Information provided:
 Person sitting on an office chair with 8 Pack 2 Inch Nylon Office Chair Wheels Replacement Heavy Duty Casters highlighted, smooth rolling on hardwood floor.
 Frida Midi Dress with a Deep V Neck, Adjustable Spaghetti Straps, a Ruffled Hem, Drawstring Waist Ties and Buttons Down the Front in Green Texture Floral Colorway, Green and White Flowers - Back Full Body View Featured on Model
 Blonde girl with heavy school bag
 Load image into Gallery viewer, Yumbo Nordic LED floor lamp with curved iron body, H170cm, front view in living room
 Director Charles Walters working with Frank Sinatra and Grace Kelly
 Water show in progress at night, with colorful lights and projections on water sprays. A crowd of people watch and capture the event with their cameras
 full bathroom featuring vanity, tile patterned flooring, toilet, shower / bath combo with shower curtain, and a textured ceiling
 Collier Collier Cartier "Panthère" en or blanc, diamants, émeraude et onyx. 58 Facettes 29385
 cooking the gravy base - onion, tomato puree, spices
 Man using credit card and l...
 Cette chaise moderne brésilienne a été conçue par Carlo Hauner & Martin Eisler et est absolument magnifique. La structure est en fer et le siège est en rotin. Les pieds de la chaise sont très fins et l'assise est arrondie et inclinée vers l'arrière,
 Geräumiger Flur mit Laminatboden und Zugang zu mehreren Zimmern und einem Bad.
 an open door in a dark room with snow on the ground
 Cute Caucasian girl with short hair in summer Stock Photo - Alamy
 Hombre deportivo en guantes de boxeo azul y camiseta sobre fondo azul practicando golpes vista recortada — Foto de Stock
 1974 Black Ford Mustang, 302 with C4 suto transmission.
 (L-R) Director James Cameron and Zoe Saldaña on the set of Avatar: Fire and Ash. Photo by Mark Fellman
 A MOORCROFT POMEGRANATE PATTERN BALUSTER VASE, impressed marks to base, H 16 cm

Required action: There is a run of lines above from the one with "Director Charles Walters" to the one with "Water show in"; print exactly that run, both ends included, and nothing else.

Your response:
 Director Charles Walters working with Frank Sinatra and Grace Kelly
 Water show in progress at night, with colorful lights and projections on water sprays. A crowd of people watch and capture the event with their cameras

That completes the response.